#### [Try it]
Return exactly the listing's lines, from its first line to the line holding "Photograph of 4", ends included.

--- START ---

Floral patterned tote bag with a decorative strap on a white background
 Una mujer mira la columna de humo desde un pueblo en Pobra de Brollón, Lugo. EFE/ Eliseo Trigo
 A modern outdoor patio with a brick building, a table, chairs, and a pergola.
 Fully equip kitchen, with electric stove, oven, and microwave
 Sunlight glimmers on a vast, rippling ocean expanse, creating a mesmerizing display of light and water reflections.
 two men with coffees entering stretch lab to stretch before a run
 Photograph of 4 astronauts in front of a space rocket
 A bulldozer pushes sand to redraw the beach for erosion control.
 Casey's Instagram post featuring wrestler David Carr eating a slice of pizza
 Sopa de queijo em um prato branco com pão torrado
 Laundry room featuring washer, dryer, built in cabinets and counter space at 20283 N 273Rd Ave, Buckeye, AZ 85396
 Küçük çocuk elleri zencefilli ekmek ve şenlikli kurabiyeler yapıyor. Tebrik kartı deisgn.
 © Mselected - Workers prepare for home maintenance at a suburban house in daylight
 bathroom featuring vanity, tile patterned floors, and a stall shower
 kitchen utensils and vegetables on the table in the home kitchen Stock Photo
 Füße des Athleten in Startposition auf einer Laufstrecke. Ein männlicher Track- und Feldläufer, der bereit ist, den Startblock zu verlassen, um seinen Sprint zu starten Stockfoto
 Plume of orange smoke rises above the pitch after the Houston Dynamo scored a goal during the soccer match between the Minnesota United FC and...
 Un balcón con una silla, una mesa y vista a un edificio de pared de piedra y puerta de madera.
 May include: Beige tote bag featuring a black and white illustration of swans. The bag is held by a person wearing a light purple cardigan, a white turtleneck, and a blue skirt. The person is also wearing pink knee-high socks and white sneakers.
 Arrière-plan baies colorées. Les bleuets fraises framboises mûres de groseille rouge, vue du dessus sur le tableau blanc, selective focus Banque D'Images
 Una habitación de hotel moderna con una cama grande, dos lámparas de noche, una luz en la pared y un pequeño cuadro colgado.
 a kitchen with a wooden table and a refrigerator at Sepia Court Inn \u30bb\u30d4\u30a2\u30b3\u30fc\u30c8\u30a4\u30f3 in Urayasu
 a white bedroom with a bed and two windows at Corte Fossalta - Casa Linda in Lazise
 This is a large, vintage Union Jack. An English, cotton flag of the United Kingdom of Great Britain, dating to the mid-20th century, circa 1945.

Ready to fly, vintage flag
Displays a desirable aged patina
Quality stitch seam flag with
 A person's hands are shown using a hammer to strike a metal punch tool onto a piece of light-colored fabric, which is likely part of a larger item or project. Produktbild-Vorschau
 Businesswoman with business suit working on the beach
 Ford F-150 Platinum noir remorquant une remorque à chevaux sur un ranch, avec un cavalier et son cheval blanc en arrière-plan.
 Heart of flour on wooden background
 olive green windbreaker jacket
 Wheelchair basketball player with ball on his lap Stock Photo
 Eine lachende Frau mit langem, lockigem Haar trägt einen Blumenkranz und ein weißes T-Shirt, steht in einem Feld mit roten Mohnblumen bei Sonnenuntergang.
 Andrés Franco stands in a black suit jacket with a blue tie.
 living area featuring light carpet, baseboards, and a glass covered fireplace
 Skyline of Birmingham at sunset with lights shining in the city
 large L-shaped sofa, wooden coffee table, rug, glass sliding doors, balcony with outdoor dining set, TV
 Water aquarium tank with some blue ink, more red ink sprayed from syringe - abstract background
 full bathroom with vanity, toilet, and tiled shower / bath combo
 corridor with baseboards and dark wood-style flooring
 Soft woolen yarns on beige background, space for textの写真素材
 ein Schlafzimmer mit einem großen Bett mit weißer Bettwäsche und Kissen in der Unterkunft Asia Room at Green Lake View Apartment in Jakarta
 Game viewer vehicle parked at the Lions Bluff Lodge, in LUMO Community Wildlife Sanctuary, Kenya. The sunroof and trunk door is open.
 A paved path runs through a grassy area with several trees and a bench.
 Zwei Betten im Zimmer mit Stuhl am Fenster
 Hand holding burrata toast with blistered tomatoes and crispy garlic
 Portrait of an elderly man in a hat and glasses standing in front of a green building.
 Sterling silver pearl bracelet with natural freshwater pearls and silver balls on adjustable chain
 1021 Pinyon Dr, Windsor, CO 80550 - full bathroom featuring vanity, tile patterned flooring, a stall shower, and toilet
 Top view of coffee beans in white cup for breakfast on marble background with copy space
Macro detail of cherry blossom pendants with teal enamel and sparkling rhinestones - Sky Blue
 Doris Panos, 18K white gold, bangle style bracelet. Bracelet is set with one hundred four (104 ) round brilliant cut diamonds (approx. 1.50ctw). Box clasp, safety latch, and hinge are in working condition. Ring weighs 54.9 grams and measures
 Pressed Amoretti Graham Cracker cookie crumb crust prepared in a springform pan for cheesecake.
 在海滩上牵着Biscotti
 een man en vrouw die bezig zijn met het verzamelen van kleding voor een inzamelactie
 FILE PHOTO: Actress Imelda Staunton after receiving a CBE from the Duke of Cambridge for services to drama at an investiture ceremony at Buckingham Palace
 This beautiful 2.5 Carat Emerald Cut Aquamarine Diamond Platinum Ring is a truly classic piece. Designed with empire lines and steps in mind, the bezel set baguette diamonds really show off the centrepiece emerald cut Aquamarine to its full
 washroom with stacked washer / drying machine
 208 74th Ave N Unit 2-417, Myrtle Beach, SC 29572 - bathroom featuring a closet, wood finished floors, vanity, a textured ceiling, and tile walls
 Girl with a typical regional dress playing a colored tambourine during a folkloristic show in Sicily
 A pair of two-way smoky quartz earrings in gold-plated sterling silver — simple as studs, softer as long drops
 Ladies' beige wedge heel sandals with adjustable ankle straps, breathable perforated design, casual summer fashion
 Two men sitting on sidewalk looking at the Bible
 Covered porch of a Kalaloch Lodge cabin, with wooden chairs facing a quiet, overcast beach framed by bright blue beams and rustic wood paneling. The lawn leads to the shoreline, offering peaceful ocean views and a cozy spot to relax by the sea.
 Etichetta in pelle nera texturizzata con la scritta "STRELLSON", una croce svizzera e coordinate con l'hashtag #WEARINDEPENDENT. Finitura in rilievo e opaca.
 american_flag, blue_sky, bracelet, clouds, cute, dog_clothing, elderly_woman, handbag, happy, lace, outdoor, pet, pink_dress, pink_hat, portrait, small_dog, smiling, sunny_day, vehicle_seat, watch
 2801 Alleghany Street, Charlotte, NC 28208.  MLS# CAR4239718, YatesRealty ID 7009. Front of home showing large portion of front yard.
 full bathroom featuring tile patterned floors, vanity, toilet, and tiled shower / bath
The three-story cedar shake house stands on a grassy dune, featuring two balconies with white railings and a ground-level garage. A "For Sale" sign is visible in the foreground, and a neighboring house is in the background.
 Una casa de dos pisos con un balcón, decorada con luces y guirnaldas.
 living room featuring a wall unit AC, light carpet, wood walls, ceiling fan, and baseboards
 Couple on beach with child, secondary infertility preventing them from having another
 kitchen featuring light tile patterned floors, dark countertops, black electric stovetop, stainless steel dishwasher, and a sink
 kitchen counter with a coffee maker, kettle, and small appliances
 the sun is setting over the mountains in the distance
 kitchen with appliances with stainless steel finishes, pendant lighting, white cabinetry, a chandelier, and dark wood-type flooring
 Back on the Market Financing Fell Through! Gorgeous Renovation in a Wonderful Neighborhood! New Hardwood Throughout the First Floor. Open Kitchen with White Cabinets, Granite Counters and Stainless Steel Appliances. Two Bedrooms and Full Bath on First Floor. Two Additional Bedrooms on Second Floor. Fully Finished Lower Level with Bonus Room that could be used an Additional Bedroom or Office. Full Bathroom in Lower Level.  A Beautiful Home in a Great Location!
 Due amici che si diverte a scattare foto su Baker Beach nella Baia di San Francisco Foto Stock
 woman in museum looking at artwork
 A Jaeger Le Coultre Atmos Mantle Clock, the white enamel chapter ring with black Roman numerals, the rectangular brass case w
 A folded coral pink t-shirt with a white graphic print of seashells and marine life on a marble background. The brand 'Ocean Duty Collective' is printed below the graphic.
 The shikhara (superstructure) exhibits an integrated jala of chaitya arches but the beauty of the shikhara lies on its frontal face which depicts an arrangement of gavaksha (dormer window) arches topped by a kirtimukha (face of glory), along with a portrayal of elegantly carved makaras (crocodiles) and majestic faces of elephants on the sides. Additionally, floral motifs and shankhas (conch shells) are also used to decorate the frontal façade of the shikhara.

--- END ---

#### [Solution below]
Floral patterned tote bag with a decorative strap on a white background
 Una mujer mira la columna de humo desde un pueblo en Pobra de Brollón, Lugo. EFE/ Eliseo Trigo
 A modern outdoor patio with a brick building, a table, chairs, and a pergola.
 Fully equip kitchen, with electric stove, oven, and microwave
 Sunlight glimmers on a vast, rippling ocean expanse, creating a mesmerizing display of light and water reflections.
 two men with coffees entering stretch lab to stretch before a run
 Photograph of 4 astronauts in front of a space rocket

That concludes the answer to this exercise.